Exercise brief: Find "Mushrooms for ADHD" below and begin at its line; stop after the line with "Volkswagen Tiguan Allspace". Output those lines exactly, without pictures.

Listed records:
========
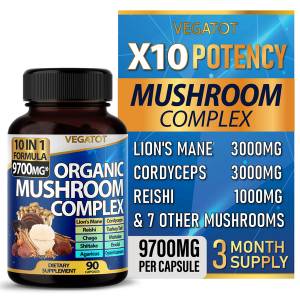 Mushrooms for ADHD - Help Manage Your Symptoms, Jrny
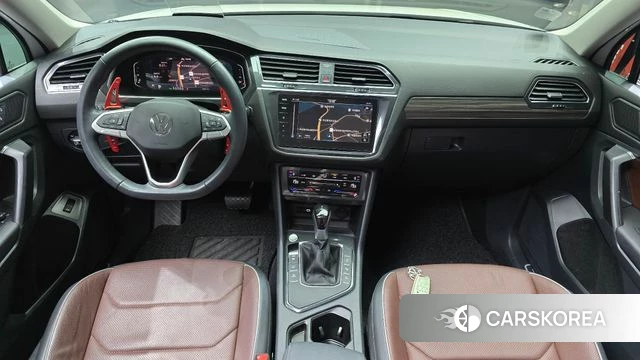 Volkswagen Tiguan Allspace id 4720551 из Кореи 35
========
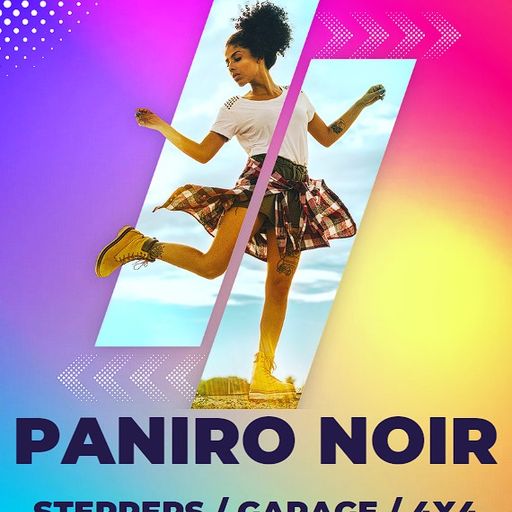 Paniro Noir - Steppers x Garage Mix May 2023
========
Solution to this exercise:
 Mushrooms for ADHD - Help Manage Your Symptoms, Jrny
 Volkswagen Tiguan Allspace id 4720551 из Кореи 35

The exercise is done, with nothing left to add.